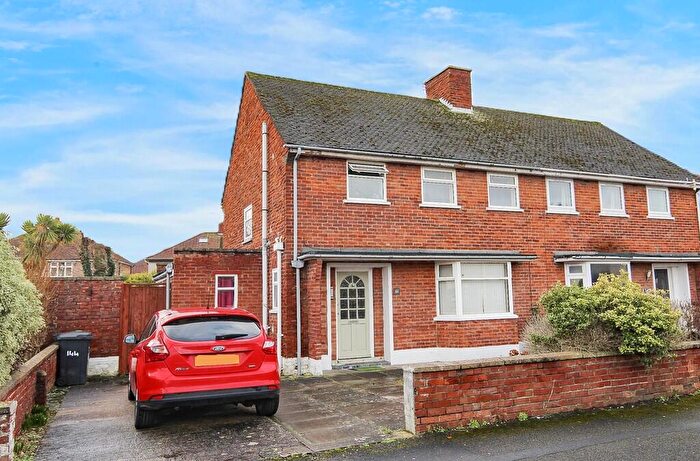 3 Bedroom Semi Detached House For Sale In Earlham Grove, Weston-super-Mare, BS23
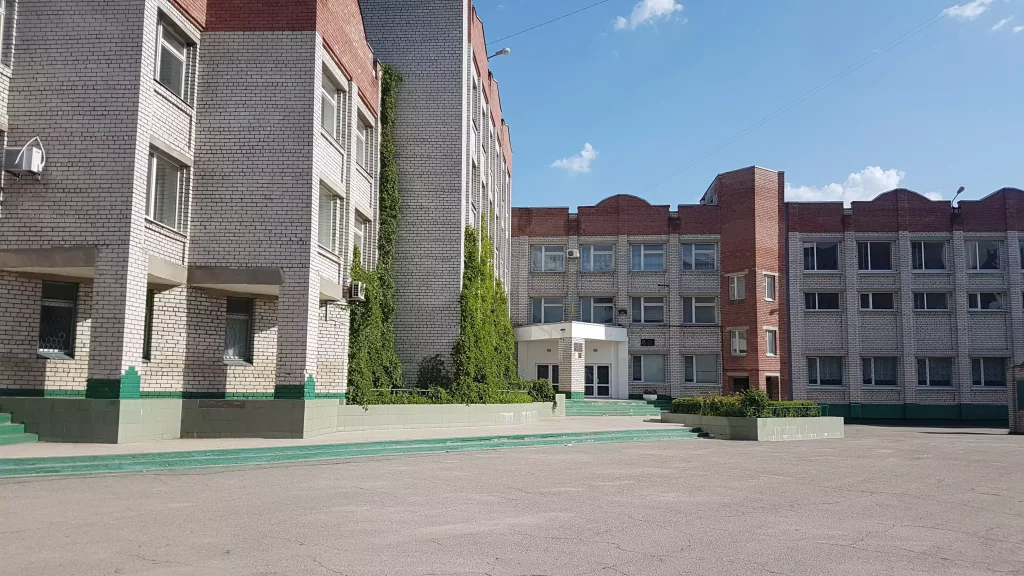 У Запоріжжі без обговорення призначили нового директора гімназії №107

--

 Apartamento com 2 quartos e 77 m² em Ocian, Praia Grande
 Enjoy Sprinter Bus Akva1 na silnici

Task to carry out ▸ Restate word for word the lines of the data above that begin at the line with "3 Bedroom Semi" and end at the line with "У Запоріжжі без", keeping both ends and dropping every picture.

Your response ▸
 3 Bedroom Semi Detached House For Sale In Earlham Grove, Weston-super-Mare, BS23
 У Запоріжжі без обговорення призначили нового директора гімназії №107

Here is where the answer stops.